- Promotional poster
- Directed by: M. Ramesh Baarathi
- Written by: M. Ramesh Baarathi
- Produced by: Sambasivam
- Starring: Metro Shirish; Mrudula Murali; Sathish;
- Cinematography: M. Vijay
- Edited by: M. Ramesh Baarathi
- Music by: Dharan Kumar
- Production company: One Man Productions
- Release date: 7 October 2022;
- Country: India
- Language: Tamil

= Pistha (2022 film) =

2022 Tamil language drama film

Pistha is a 2022 Indian Tamil-language drama film written and directed by M. Ramesh Baarathi and starring Metro Shirish and Mrudula Murali. It was released on 7 October 2022.

==Production==
Ramesh Bharathi, the editor of Metro (2016), announced that he would work with actor Shirish on a comedy entertainer titled Pistha in July 2017. The shoot began during August 2017, with a number of notable supporting actors including Sathish, Yogi Babu and Senthil joining the cast. Production progressed slowly, with a five-year delay between the film's start and release.
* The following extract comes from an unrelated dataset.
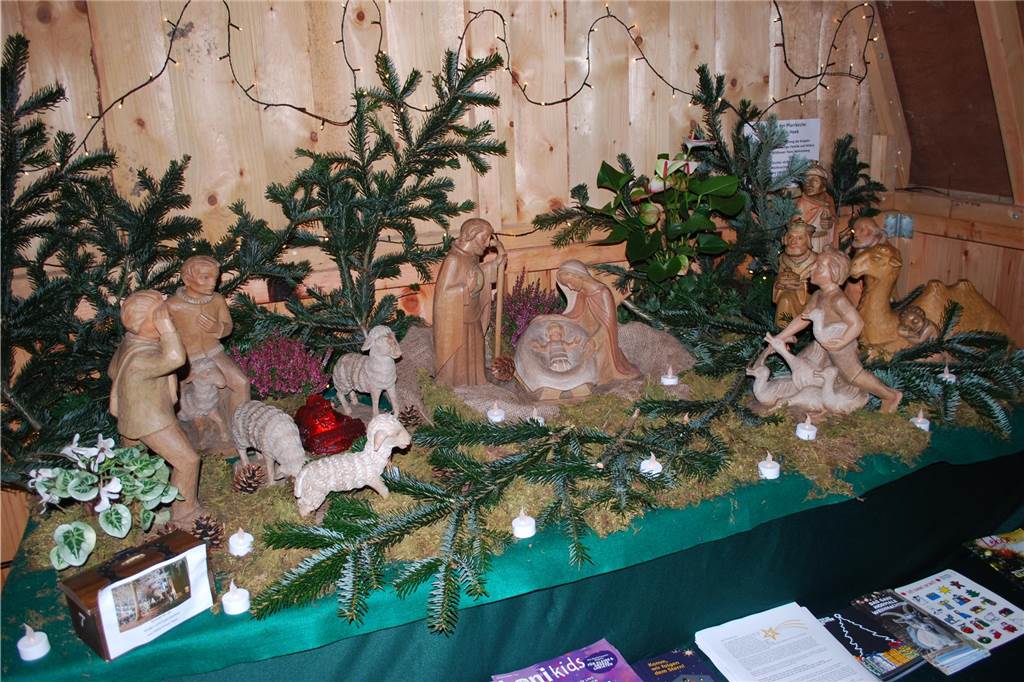 Adventsmarkt begrüßt Besucher: Breites Programm in Heek Auch handgefertigte Krippen wurden in den kleinen Hütten auf dem Weihnachtsmarkt ausgestellt.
Prior to the film's release, it was marketed as the 25th film of music composer Dharan Kumar.

==Music==
- "Azhagula Rasathi" - Yuvan Shankar Raja
- "Vaa Vaa" - Ranina Reddy, Ramesh

==Reception==
The film was released on 7 October 2022 across Tamil Nadu. A critic from Maalai Malar gave the film a mixed review, noting that "the effort should have been better". A reviewer from Times of India gave the film a negative review, writing it was "a below average mindless rural entertainer". The film also received mixed reviews from critics at The Hindu, Dinamalar and Dina Thanthi.